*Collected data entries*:
○ ○ ○ ○

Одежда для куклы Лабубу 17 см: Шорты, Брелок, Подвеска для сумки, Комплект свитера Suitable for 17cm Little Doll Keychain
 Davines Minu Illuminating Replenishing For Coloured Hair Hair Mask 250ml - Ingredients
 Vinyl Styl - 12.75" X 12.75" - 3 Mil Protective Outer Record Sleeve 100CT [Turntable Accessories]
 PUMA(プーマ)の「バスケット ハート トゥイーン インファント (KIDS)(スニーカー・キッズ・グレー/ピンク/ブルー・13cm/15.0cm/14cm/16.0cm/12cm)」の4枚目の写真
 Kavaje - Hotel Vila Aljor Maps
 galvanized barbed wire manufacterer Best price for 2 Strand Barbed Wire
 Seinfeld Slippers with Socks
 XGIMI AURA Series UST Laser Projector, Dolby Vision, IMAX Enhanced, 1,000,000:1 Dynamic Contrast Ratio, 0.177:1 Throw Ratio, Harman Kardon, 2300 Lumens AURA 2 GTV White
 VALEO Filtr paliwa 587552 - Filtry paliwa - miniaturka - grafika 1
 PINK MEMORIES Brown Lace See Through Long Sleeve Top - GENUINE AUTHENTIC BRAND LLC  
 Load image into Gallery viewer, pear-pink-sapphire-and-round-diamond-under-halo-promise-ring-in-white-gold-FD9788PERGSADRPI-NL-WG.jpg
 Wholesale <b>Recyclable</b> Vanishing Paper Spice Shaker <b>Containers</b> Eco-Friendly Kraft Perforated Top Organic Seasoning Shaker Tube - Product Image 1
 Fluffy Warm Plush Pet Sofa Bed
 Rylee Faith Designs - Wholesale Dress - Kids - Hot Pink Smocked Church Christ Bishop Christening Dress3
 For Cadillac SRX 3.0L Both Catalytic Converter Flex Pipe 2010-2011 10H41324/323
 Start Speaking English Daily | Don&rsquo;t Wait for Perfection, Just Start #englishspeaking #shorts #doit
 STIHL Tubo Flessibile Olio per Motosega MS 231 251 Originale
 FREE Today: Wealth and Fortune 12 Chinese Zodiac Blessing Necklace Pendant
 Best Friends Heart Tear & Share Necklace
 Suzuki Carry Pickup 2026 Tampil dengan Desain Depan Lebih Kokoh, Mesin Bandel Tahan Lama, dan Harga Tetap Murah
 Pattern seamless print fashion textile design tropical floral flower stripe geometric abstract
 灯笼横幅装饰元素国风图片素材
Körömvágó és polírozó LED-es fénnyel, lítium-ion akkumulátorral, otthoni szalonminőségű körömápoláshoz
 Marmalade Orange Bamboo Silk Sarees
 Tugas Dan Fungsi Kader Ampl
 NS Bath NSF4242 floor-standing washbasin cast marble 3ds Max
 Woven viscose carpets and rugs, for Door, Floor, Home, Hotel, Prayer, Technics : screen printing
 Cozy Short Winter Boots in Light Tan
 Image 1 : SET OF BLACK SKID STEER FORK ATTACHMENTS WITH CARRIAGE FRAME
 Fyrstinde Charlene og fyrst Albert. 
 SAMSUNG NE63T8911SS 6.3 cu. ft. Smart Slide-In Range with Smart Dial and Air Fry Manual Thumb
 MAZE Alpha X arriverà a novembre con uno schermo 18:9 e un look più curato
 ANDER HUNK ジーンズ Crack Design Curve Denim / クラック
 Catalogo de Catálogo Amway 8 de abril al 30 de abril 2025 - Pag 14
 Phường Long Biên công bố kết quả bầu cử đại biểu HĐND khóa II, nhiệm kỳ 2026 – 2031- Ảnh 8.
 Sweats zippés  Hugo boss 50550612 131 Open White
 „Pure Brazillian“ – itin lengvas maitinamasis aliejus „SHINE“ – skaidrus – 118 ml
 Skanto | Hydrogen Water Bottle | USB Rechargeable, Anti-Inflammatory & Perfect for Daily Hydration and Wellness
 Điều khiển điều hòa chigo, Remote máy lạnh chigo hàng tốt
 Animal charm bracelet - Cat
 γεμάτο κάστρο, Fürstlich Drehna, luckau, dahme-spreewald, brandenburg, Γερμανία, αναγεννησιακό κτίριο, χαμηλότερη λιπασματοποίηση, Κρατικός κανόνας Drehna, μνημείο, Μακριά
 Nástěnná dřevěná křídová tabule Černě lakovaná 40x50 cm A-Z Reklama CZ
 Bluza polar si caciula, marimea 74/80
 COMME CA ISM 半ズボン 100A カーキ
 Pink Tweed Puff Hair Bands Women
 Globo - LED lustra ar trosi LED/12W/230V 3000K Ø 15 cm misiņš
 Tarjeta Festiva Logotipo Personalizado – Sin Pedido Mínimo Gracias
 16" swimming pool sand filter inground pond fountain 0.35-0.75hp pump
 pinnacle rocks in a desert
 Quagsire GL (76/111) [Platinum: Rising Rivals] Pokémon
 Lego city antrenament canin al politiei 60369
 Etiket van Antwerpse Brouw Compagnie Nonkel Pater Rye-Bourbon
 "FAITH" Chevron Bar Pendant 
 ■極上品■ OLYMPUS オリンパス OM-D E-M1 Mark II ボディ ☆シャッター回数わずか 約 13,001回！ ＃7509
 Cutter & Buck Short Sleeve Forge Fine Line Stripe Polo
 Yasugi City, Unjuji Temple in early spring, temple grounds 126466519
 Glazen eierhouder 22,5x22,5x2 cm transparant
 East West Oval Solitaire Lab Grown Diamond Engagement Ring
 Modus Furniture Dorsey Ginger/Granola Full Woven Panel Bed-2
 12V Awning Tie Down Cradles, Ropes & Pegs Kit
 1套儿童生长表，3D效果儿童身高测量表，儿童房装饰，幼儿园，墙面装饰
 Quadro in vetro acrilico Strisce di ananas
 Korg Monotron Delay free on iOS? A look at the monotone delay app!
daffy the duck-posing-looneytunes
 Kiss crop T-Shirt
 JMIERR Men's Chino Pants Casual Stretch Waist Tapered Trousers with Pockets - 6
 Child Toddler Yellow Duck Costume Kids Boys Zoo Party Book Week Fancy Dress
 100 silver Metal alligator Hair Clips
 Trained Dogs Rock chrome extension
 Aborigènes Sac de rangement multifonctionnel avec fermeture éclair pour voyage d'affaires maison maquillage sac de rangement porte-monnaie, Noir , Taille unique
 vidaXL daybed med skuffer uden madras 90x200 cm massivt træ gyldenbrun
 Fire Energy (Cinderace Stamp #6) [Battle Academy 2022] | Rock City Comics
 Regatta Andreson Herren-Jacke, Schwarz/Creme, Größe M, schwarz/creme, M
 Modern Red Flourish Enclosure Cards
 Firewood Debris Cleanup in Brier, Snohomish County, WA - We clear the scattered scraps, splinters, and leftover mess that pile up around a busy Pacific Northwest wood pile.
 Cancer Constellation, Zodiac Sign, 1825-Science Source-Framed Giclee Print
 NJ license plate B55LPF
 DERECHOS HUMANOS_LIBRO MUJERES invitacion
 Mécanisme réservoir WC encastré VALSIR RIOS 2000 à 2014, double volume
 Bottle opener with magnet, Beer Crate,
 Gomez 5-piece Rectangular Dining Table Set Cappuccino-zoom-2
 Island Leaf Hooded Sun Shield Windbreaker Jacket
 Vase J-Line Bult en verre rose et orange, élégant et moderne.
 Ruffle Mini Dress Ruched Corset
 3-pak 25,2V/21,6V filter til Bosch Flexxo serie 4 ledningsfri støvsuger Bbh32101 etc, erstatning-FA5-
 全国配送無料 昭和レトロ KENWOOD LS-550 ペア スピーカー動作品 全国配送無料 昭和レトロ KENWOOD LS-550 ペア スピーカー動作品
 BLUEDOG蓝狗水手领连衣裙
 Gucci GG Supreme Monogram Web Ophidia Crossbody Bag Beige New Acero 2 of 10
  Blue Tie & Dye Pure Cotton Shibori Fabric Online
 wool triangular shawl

○ ○ ○ ○

*PROBLEM STATEMENT*: Each of the records should be written out again, exactly as it reads.

*SOLUTION*:
Одежда для куклы Лабубу 17 см: Шорты, Брелок, Подвеска для сумки, Комплект свитера Suitable for 17cm Little Doll Keychain
 Davines Minu Illuminating Replenishing For Coloured Hair Hair Mask 250ml - Ingredients
 Vinyl Styl - 12.75" X 12.75" - 3 Mil Protective Outer Record Sleeve 100CT [Turntable Accessories]
 PUMA(プーマ)の「バスケット ハート トゥイーン インファント (KIDS)(スニーカー・キッズ・グレー/ピンク/ブルー・13cm/15.0cm/14cm/16.0cm/12cm)」の4枚目の写真
 Kavaje - Hotel Vila Aljor Maps
 galvanized barbed wire manufacterer Best price for 2 Strand Barbed Wire
 Seinfeld Slippers with Socks
 XGIMI AURA Series UST Laser Projector, Dolby Vision, IMAX Enhanced, 1,000,000:1 Dynamic Contrast Ratio, 0.177:1 Throw Ratio, Harman Kardon, 2300 Lumens AURA 2 GTV White
 VALEO Filtr paliwa 587552 - Filtry paliwa - miniaturka - grafika 1
 PINK MEMORIES Brown Lace See Through Long Sleeve Top - GENUINE AUTHENTIC BRAND LLC  
 Load image into Gallery viewer, pear-pink-sapphire-and-round-diamond-under-halo-promise-ring-in-white-gold-FD9788PERGSADRPI-NL-WG.jpg
 Wholesale <b>Recyclable</b> Vanishing Paper Spice Shaker <b>Containers</b> Eco-Friendly Kraft Perforated Top Organic Seasoning Shaker Tube - Product Image 1
 Fluffy Warm Plush Pet Sofa Bed
 Rylee Faith Designs - Wholesale Dress - Kids - Hot Pink Smocked Church Christ Bishop Christening Dress3
 For Cadillac SRX 3.0L Both Catalytic Converter Flex Pipe 2010-2011 10H41324/323
 Start Speaking English Daily | Don&rsquo;t Wait for Perfection, Just Start #englishspeaking #shorts #doit
 STIHL Tubo Flessibile Olio per Motosega MS 231 251 Originale
 FREE Today: Wealth and Fortune 12 Chinese Zodiac Blessing Necklace Pendant
 Best Friends Heart Tear & Share Necklace
 Suzuki Carry Pickup 2026 Tampil dengan Desain Depan Lebih Kokoh, Mesin Bandel Tahan Lama, dan Harga Tetap Murah
 Pattern seamless print fashion textile design tropical floral flower stripe geometric abstract
 灯笼横幅装饰元素国风图片素材
Körömvágó és polírozó LED-es fénnyel, lítium-ion akkumulátorral, otthoni szalonminőségű körömápoláshoz
 Marmalade Orange Bamboo Silk Sarees
 Tugas Dan Fungsi Kader Ampl
 NS Bath NSF4242 floor-standing washbasin cast marble 3ds Max
 Woven viscose carpets and rugs, for Door, Floor, Home, Hotel, Prayer, Technics : screen printing
 Cozy Short Winter Boots in Light Tan
 Image 1 : SET OF BLACK SKID STEER FORK ATTACHMENTS WITH CARRIAGE FRAME
 Fyrstinde Charlene og fyrst Albert. 
 SAMSUNG NE63T8911SS 6.3 cu. ft. Smart Slide-In Range with Smart Dial and Air Fry Manual Thumb
 MAZE Alpha X arriverà a novembre con uno schermo 18:9 e un look più curato
 ANDER HUNK ジーンズ Crack Design Curve Denim / クラック
 Catalogo de Catálogo Amway 8 de abril al 30 de abril 2025 - Pag 14
 Phường Long Biên công bố kết quả bầu cử đại biểu HĐND khóa II, nhiệm kỳ 2026 – 2031- Ảnh 8.
 Sweats zippés  Hugo boss 50550612 131 Open White
 „Pure Brazillian“ – itin lengvas maitinamasis aliejus „SHINE“ – skaidrus – 118 ml
 Skanto | Hydrogen Water Bottle | USB Rechargeable, Anti-Inflammatory & Perfect for Daily Hydration and Wellness
 Điều khiển điều hòa chigo, Remote máy lạnh chigo hàng tốt
 Animal charm bracelet - Cat
 γεμάτο κάστρο, Fürstlich Drehna, luckau, dahme-spreewald, brandenburg, Γερμανία, αναγεννησιακό κτίριο, χαμηλότερη λιπασματοποίηση, Κρατικός κανόνας Drehna, μνημείο, Μακριά
 Nástěnná dřevěná křídová tabule Černě lakovaná 40x50 cm A-Z Reklama CZ
 Bluza polar si caciula, marimea 74/80
 COMME CA ISM 半ズボン 100A カーキ
 Pink Tweed Puff Hair Bands Women
 Globo - LED lustra ar trosi LED/12W/230V 3000K Ø 15 cm misiņš
 Tarjeta Festiva Logotipo Personalizado – Sin Pedido Mínimo Gracias
 16" swimming pool sand filter inground pond fountain 0.35-0.75hp pump
 pinnacle rocks in a desert
 Quagsire GL (76/111) [Platinum: Rising Rivals] Pokémon
 Lego city antrenament canin al politiei 60369
 Etiket van Antwerpse Brouw Compagnie Nonkel Pater Rye-Bourbon
 "FAITH" Chevron Bar Pendant 
 ■極上品■ OLYMPUS オリンパス OM-D E-M1 Mark II ボディ ☆シャッター回数わずか 約 13,001回！ ＃7509
 Cutter & Buck Short Sleeve Forge Fine Line Stripe Polo
 Yasugi City, Unjuji Temple in early spring, temple grounds 126466519
 Glazen eierhouder 22,5x22,5x2 cm transparant
 East West Oval Solitaire Lab Grown Diamond Engagement Ring
 Modus Furniture Dorsey Ginger/Granola Full Woven Panel Bed-2
 12V Awning Tie Down Cradles, Ropes & Pegs Kit
 1套儿童生长表，3D效果儿童身高测量表，儿童房装饰，幼儿园，墙面装饰
 Quadro in vetro acrilico Strisce di ananas
 Korg Monotron Delay free on iOS? A look at the monotone delay app!
daffy the duck-posing-looneytunes
 Kiss crop T-Shirt
 JMIERR Men's Chino Pants Casual Stretch Waist Tapered Trousers with Pockets - 6
 Child Toddler Yellow Duck Costume Kids Boys Zoo Party Book Week Fancy Dress
 100 silver Metal alligator Hair Clips
 Trained Dogs Rock chrome extension
 Aborigènes Sac de rangement multifonctionnel avec fermeture éclair pour voyage d'affaires maison maquillage sac de rangement porte-monnaie, Noir , Taille unique
 vidaXL daybed med skuffer uden madras 90x200 cm massivt træ gyldenbrun
 Fire Energy (Cinderace Stamp #6) [Battle Academy 2022] | Rock City Comics
 Regatta Andreson Herren-Jacke, Schwarz/Creme, Größe M, schwarz/creme, M
 Modern Red Flourish Enclosure Cards
 Firewood Debris Cleanup in Brier, Snohomish County, WA - We clear the scattered scraps, splinters, and leftover mess that pile up around a busy Pacific Northwest wood pile.
 Cancer Constellation, Zodiac Sign, 1825-Science Source-Framed Giclee Print
 NJ license plate B55LPF
 DERECHOS HUMANOS_LIBRO MUJERES invitacion
 Mécanisme réservoir WC encastré VALSIR RIOS 2000 à 2014, double volume
 Bottle opener with magnet, Beer Crate,
 Gomez 5-piece Rectangular Dining Table Set Cappuccino-zoom-2
 Island Leaf Hooded Sun Shield Windbreaker Jacket
 Vase J-Line Bult en verre rose et orange, élégant et moderne.
 Ruffle Mini Dress Ruched Corset
 3-pak 25,2V/21,6V filter til Bosch Flexxo serie 4 ledningsfri støvsuger Bbh32101 etc, erstatning-FA5-
 全国配送無料 昭和レトロ KENWOOD LS-550 ペア スピーカー動作品 全国配送無料 昭和レトロ KENWOOD LS-550 ペア スピーカー動作品
 BLUEDOG蓝狗水手领连衣裙
 Gucci GG Supreme Monogram Web Ophidia Crossbody Bag Beige New Acero 2 of 10
  Blue Tie & Dye Pure Cotton Shibori Fabric Online
 wool triangular shawl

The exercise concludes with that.